§ **YOUR ASSIGNMENT**:
The line containing "Cover art for" marks the end; return exactly every line from the start of the records up to and including it, but no pictures.

BEGIN EXTRACTED RECORDS

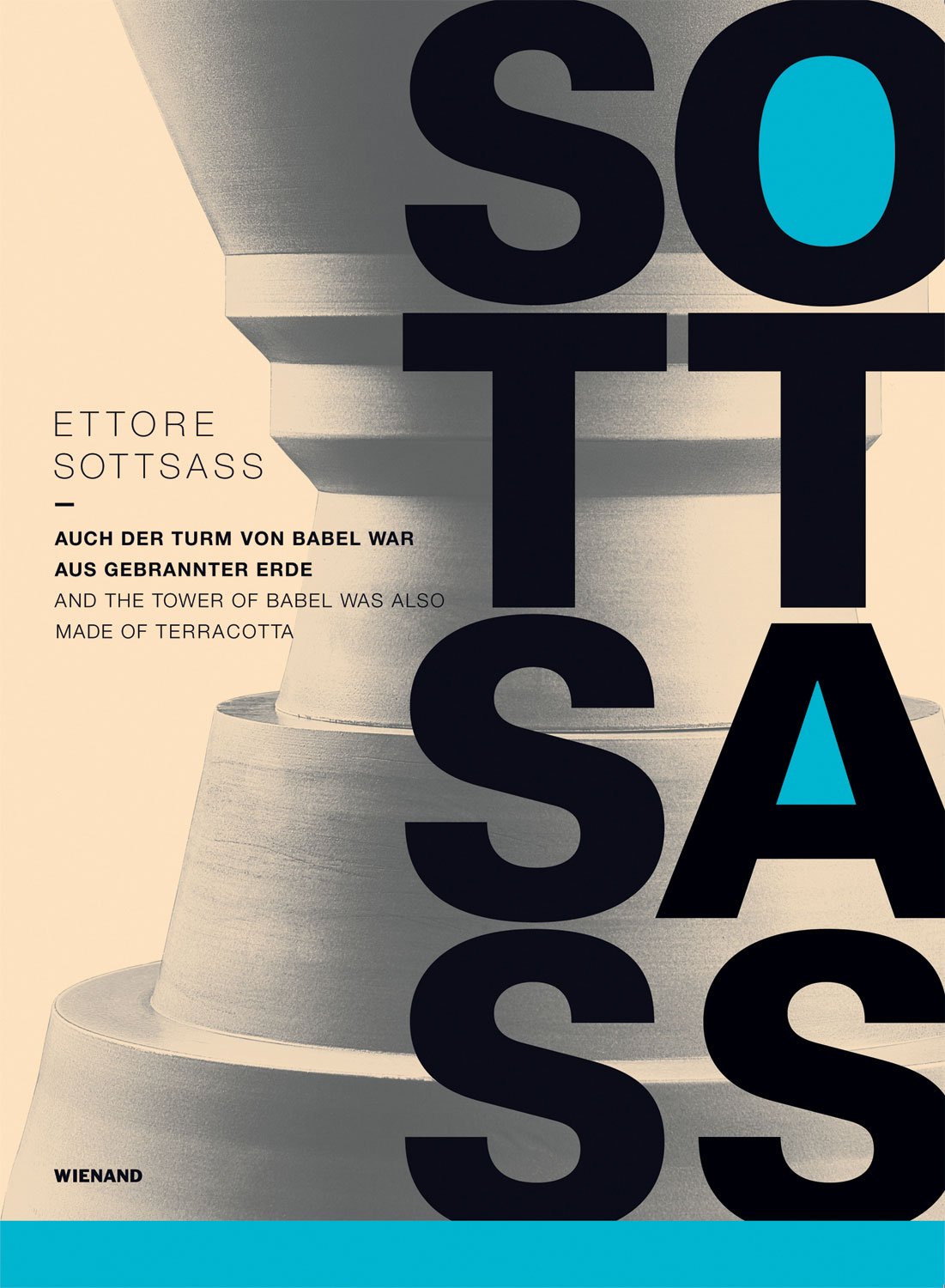 Ettore Sottsass: Auch der Turm zu Babel war aus gebrannter Erde - And the Tower of Babel was also made of Terracotta: Auch Der Turm Von Babel War Aus ... Tower of Babel Was Also Made of Terracotta Architecture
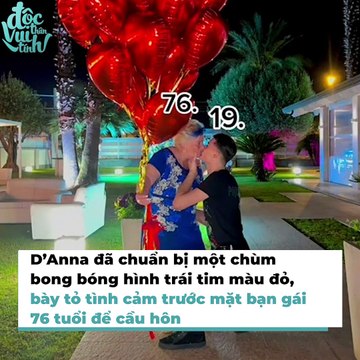 Anh chàng cầu hôn bạn gái hơn gần 60 tuổi: Khẳng định yêu thật lòng | Điện ẢNh Net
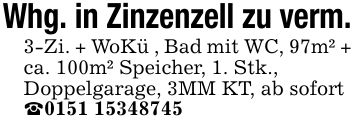 Whg. in Zinzenzell zu verm.3-Zi. + WoKü , Bad mit WC, 97m² + ca. 100m² Speicher, 1. Stk.,Doppelgarage, 3MM KT, ab sofort_***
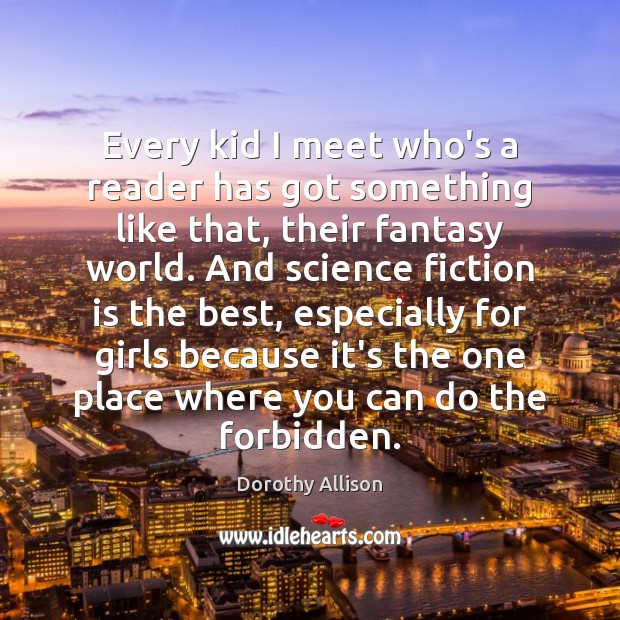 Every kid I meet who’s a reader has got something like that, Dorothy Allison Picture Quote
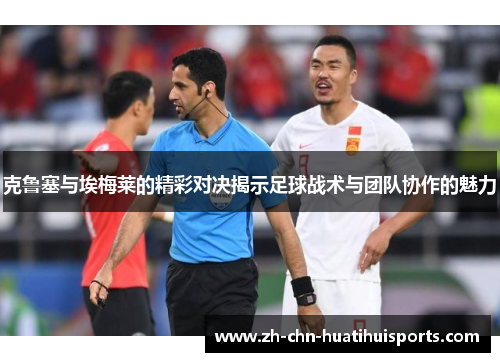 克鲁塞与埃梅莱的精彩对决揭示足球战术与团队协作的魅力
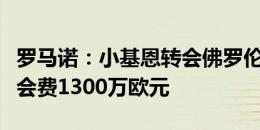 罗马诺：小基恩转会佛罗伦萨达一致，初始转会费1300万欧元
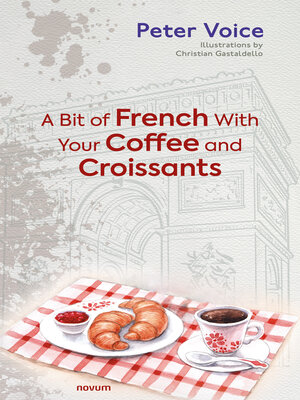 cover image of A Bit of French With Your Coffee and Croissants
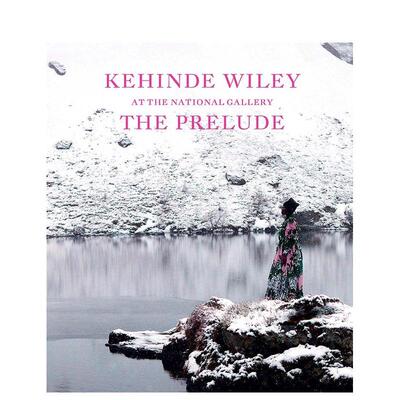 【预售】凯欣德·威利在国家美术馆 Kehinde Wiley at the National Gallery 原版英文艺术画册画集 善本图书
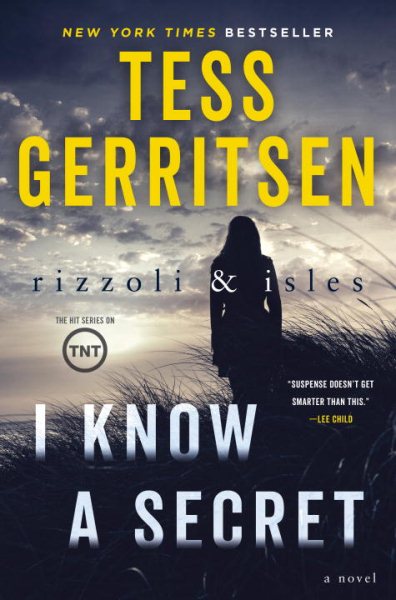 Cover art for I know a secret : a novel / Tess Gerritsen.
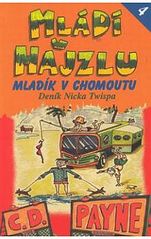 kniha Mládí v hajzlu Kniha čtvrtá, - Mladík v chomoutu - další pokračování deníku Nicka Twispa., Jota 2004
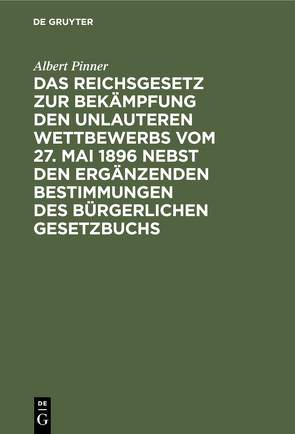 Das Reichsgesetz zur Bekämpfung den unlauteren Wettbewerbs vom 27. Mai 1896 nebst den ergänzenden Bestimmungen des Bürgerlichen Gesetzbuchs von Pinner,  Albert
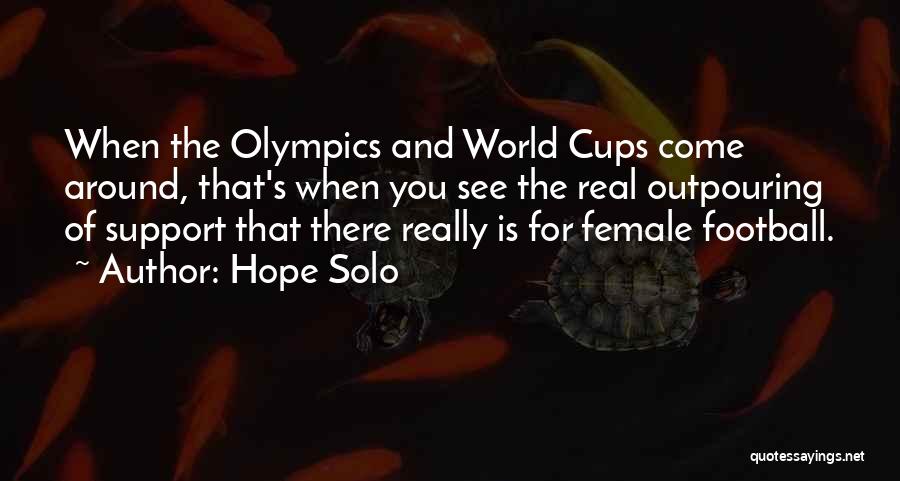 Real Football Quotes By Hope Solo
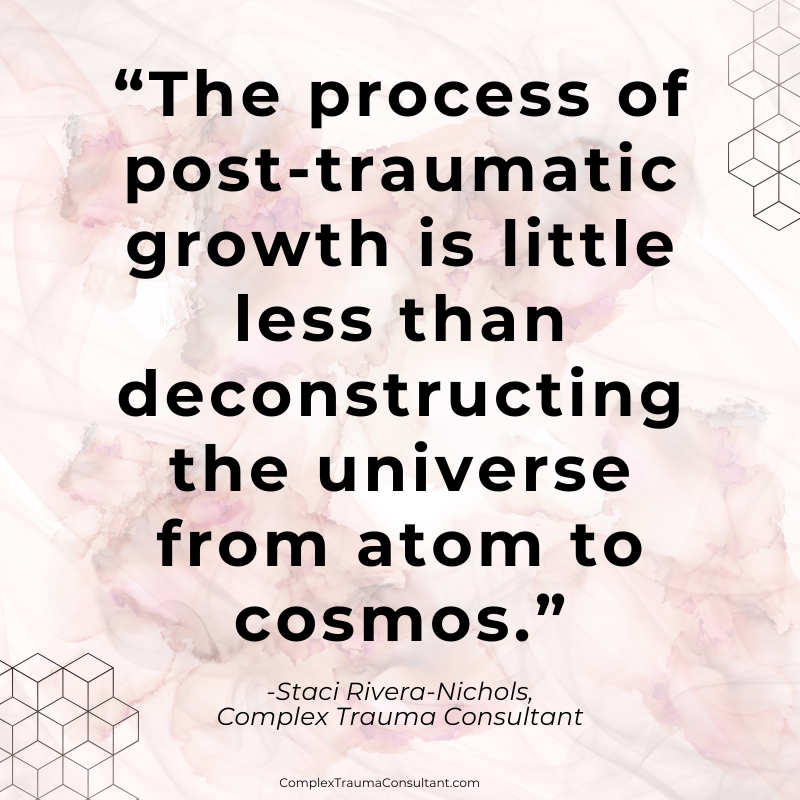 Post-Traumatic Growth - Deconstructing - ComplexTraumaConsultant_com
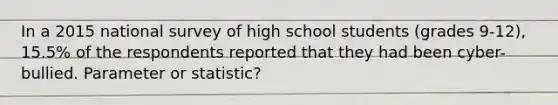 In a 2015 national survey of high school students (grades 9-12), 15.5% of the respondents reported that they had been cyber-bullied. Parameter or statistic?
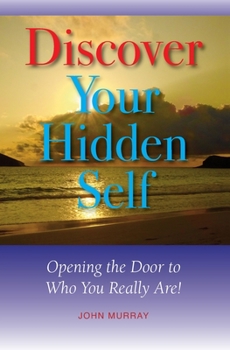 Paperback Discover Your Hidden Self: Opening the Door to Who You Really Are! Book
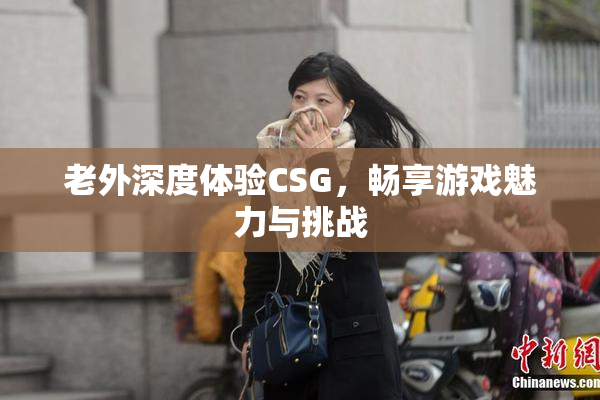 老外深度体验CSG，畅享游戏魅力与挑战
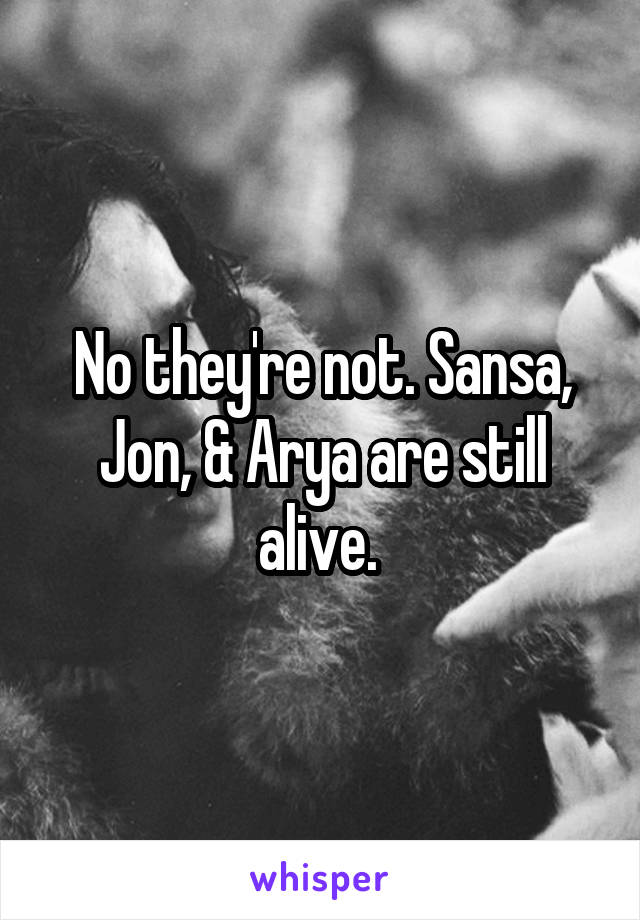 No they're not. Sansa, Jon, & Arya are still alive. 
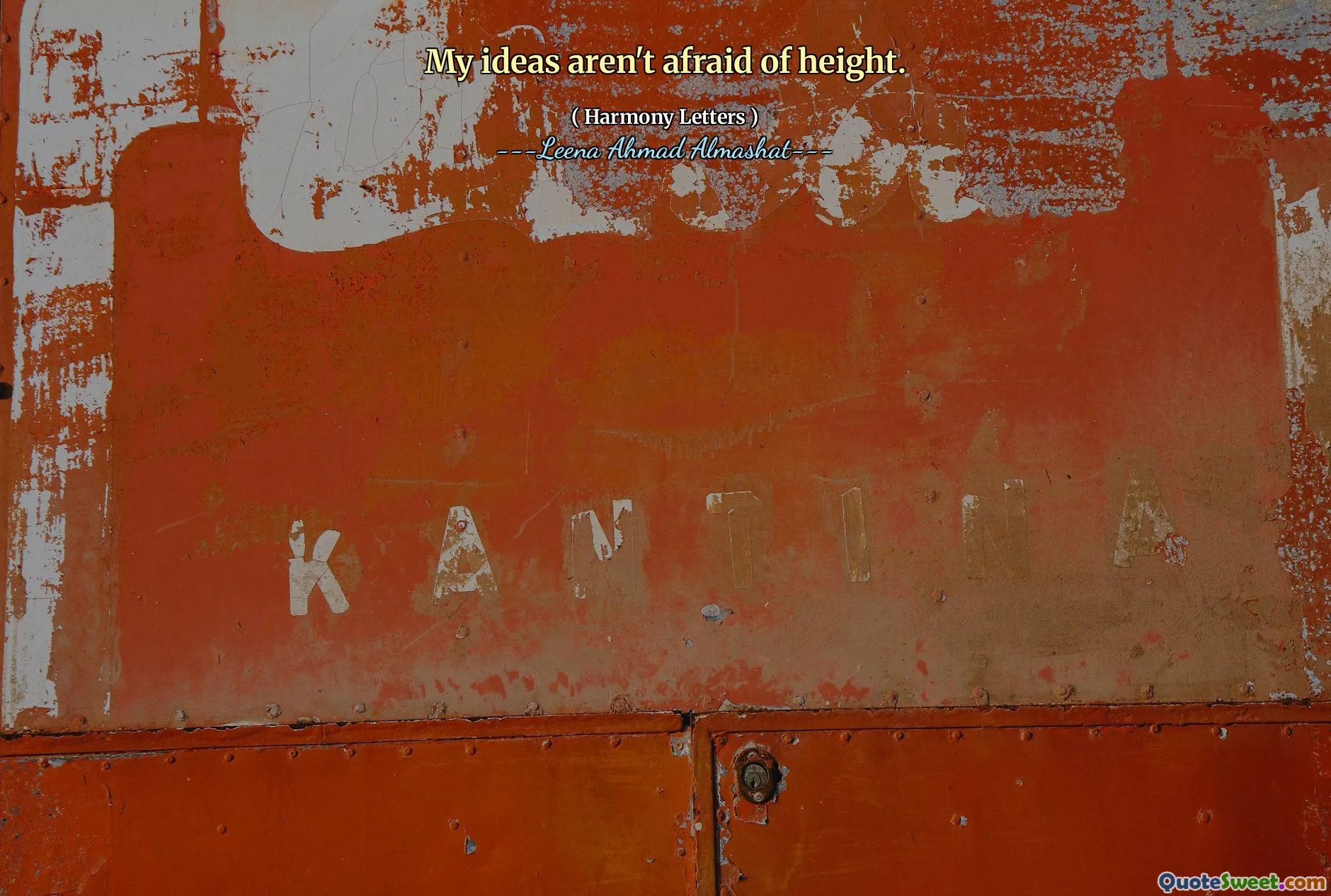 My ideas aren't afraid of height.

END EXTRACTED RECORDS

§ **RESPONSE AREA**:
 Ettore Sottsass: Auch der Turm zu Babel war aus gebrannter Erde - And the Tower of Babel was also made of Terracotta: Auch Der Turm Von Babel War Aus ... Tower of Babel Was Also Made of Terracotta Architecture
 Anh chàng cầu hôn bạn gái hơn gần 60 tuổi: Khẳng định yêu thật lòng | Điện ẢNh Net
 Whg. in Zinzenzell zu verm.3-Zi. + WoKü , Bad mit WC, 97m² + ca. 100m² Speicher, 1. Stk.,Doppelgarage, 3MM KT, ab sofort_***
 Every kid I meet who’s a reader has got something like that, Dorothy Allison Picture Quote
 克鲁塞与埃梅莱的精彩对决揭示足球战术与团队协作的魅力
 罗马诺：小基恩转会佛罗伦萨达一致，初始转会费1300万欧元
 cover image of A Bit of French With Your Coffee and Croissants
 【预售】凯欣德·威利在国家美术馆 Kehinde Wiley at the National Gallery 原版英文艺术画册画集 善本图书
 Cover art for I know a secret : a novel / Tess Gerritsen.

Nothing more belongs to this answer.